Other possibilities are the machines proposed by Weston and Watkins (McSvm::WW), Crammer and Singer (McSvm::CS), Lee, Lin and Wahba (McSvm::LLW), and many more (McSvm::ReinforcedSvm, McSvm::MMR, McSvm::ADM, McSvm::ATM, and McSvm::ATS).

Being left with this much choice is probably not helpful. In our experience the best strategy for picking a machine is to try WW and CS first, and LLW and ATS for high-dimensional feature spaces. OVA can be useful at times, and MMR, ADM and ATM can usually be ignored. The default choice by the Trainer is WW.

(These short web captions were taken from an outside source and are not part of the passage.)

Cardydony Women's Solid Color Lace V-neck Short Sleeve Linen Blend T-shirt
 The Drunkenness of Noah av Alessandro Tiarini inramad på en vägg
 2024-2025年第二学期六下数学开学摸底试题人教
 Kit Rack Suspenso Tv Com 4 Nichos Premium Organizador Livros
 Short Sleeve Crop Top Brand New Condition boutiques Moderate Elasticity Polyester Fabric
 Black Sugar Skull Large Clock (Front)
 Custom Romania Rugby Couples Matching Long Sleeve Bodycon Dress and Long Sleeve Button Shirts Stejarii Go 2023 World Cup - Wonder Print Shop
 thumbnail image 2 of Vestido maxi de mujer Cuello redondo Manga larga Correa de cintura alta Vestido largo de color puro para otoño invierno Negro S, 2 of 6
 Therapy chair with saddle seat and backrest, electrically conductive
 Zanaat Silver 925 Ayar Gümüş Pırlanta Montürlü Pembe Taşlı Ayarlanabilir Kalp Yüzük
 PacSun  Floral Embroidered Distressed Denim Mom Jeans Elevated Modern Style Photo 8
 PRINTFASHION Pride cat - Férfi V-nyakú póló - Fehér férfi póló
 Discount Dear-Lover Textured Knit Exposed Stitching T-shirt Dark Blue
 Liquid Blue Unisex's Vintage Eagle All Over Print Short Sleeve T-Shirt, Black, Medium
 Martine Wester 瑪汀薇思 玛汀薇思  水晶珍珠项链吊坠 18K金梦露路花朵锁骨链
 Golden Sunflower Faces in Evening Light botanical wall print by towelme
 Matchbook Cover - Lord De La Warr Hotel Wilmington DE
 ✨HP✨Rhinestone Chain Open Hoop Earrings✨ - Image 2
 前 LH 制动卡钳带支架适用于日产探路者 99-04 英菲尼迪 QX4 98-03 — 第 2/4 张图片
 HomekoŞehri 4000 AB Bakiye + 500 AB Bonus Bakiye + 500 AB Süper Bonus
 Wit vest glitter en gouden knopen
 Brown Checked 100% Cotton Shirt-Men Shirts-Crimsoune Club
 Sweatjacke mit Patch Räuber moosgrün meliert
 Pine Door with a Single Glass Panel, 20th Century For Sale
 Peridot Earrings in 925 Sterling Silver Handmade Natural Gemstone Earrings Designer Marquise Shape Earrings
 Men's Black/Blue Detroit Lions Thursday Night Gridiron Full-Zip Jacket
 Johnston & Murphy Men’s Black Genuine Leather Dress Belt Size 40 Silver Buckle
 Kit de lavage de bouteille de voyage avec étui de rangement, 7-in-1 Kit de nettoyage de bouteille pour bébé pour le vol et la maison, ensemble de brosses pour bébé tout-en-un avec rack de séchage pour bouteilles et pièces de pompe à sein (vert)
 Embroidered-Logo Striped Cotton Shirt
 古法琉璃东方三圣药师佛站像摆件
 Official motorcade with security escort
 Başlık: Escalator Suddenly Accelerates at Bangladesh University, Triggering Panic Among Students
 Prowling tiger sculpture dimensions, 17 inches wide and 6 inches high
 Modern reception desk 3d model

Currently Shark does not provide a specialized trainer for linear SVM regression. Of course the non-linear EpsilonSvmTrainer can be used with a LinearKernel for this purpose.

## References¶

[HCLKS-2008] | C. J. Hsieh, K. W. Chang, C. J. Lin, S. S. Keerthi, and S. Sundararajan. A dual coordinate descent method for large-scale linear SVM. In Proceedings of the 30th International Conference on Machine learning (ICML), 2008. |

[GU-2013] | T. Glasmachers and Ü. Dogan. Accelerated Coordinate Descent with Adaptive Coordinate Frequencies. In Proceedings of the fifth Asian Conference on Machine Learning (ACML), 2013. |